Most of us live very average lives without cameras pointed at us (unless we are obsessed with documenting ourselves constantly).  We get up in the morning, go to work or school, raise children and look after pets if we have them, drive here and there, cook dinner, get some exercise, go to bed. Unless we are paid models, we don't need to look gorgeous living our lives. We already are gorgeous for contributing what we are to the world and looking after things in our little corner. No one pays me to look great while I peel a butternut squash or sit typing at my laptop, so why would I worry about how I look all day, ever day? But that is what media tells us to worry about. We're flogged with anti-aging serums, diet hacks, wardrobe dos and don'ts. In response I want to shout, 'I'm not an actress! Looking perfect for a role is not in my job description!" I am not saying we should not look presentable. I personally draw the line at wearing pajamas in public and I wash my hair every day. If work requires a uniform or a dress code, we abide by it. Looking presentable and looking runway or film-ready are two very different things in my view. I do enjoy dressing up on occasion, putting on a little makeup and jewelry, taking some extra care with my hair, but those times are rare these days. A sweater and jeans is my standard winter outfit. When I do dress up, my husband usually says, "Oh! You look nice." I like maintaining a level of surprise in our marriage.  
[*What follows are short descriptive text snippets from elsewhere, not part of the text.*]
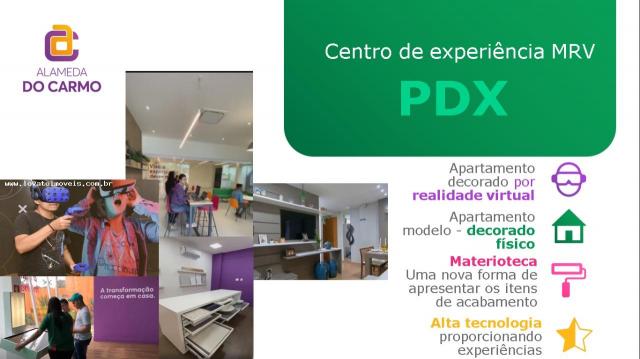 Apartamento para Venda em São Paulo, Cidade São Mateus, 2 dormitórios, 1 banheiro, 1 vaga - Foto 10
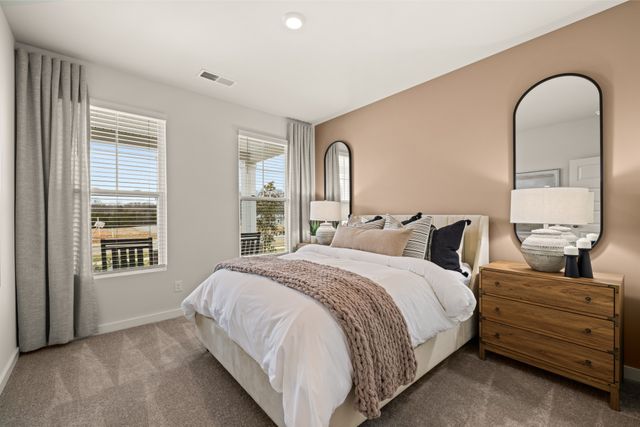 3508 Emery Court, Murfreesboro, TN 37130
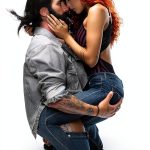 Kings of Retribution MC Book 8 Romantic Action Adventure-0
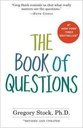 The Book of Questions: Revised and Updated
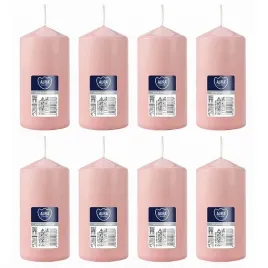 zestaw-8-swiec-stolowych-walec-klasyczna-swieczka-12cm-38h-jasny-roz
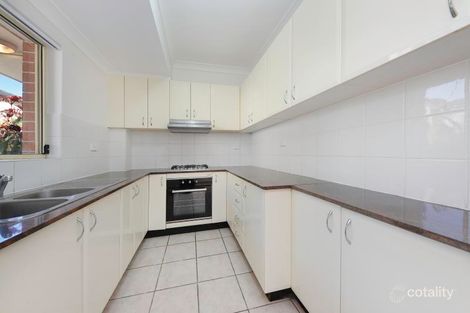 Property photo of 4/15-17 Bruce Street Kingsford NSW 2032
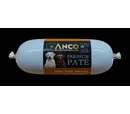 Anco Premium Pate - Chicken 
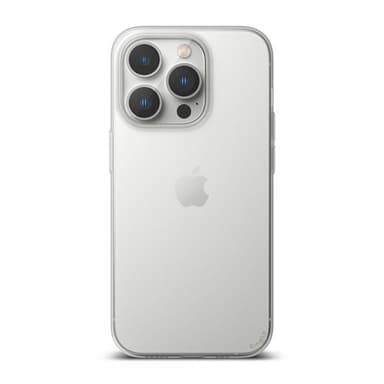 Ringke iPhone 14 Pro Deksel Slim Matte Clear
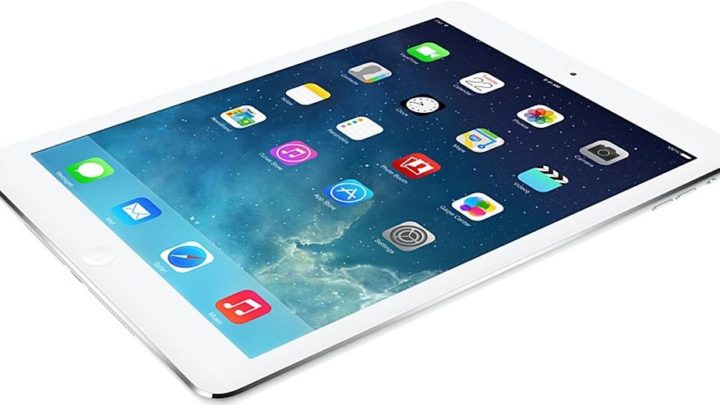L’iPhone fête ses treize ans sur fond de doutes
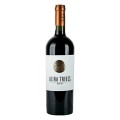 Vin Alira Tribes, Merlot Rosu Sec 0.75 l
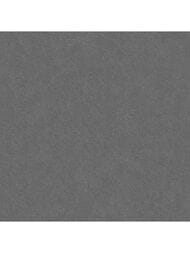��������������� ������ LCM ����� (800x800) 8080NVL25M (��.�)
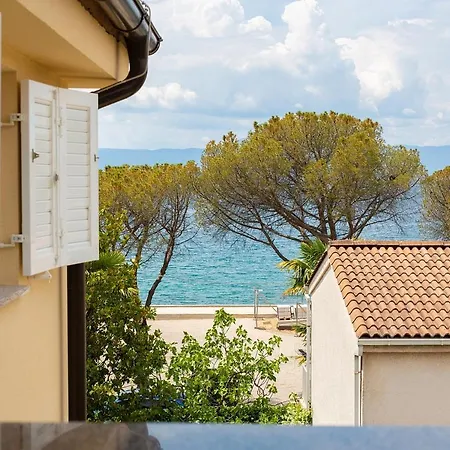 Apartman Dal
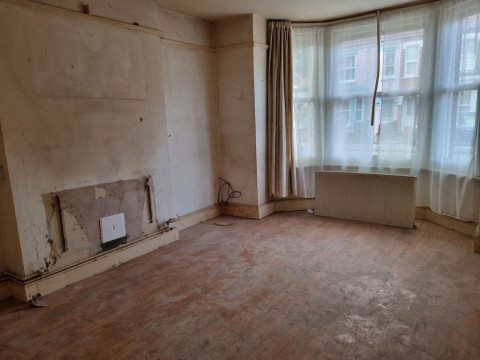 Click the photo for more details of Felixstowe, Suffolk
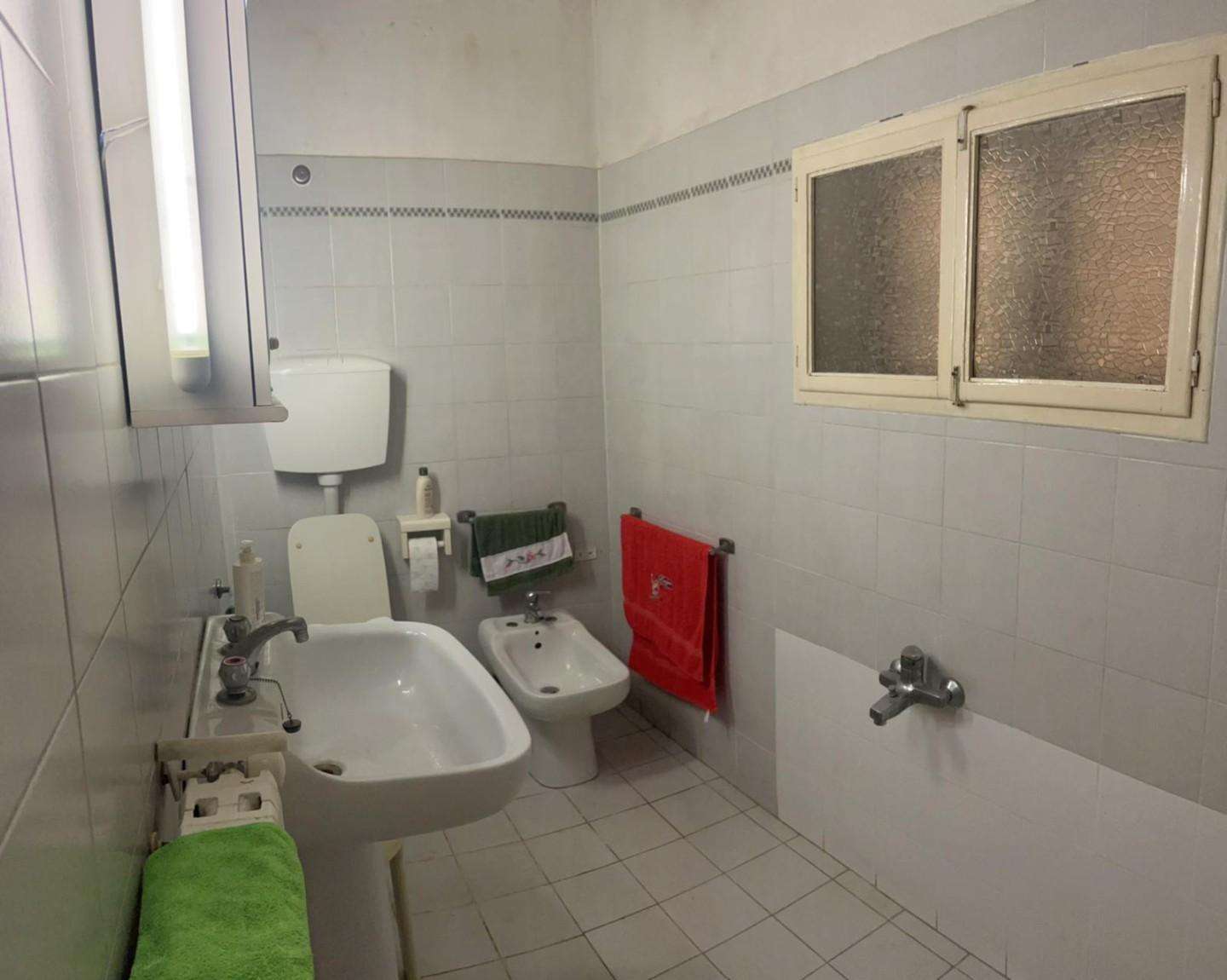  - foto 10
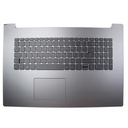 Teclado PT Lenovo - 5CB0R48111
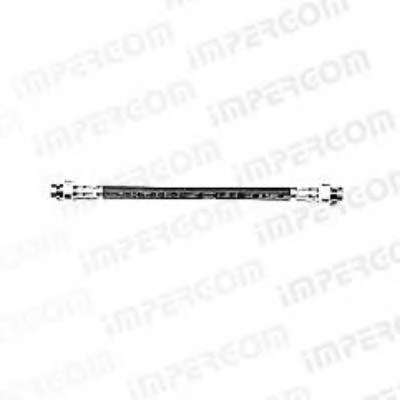 Тормозной шланг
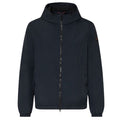 Peuterey Nigle Jack Navy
The hilarious British actress, Miriam Margoyles, is not a standard Western beauty. I saw a program where she went to the U.S. and underwent a makeover. When the makeup artists and hairstylists showed Miriam her new look in the mirror she balked. "That's not ME! she cried. I liked myself before. You Americans focus way too much on appearances." I don't think Americans are the only ones, but Miriam has a point. Our society does focus and fixate on appearances far too much. I know many women and men who are not catalogue versions of beauty, but they are such wonderful, talented, intelligent, curious, and funny people that their own brand of beauty knocks my socks off. Miriam is one of those gems. I don't know her personally, of course, but I, and millions of others, admire her all the same. Would she have made it in Hollywood, though, where the standard for female beauty is more prescribed? I really do not know. 

Miriam captured eating ice cream. Relatable.


In an age when social media filters edit our 'imperfections' I see many young people calling foul. I find that so refreshing. I would like to see more young people rise up and debunk the myths around beauty.  More people of my age and generation, too, because we're worth it! (See what I did there?)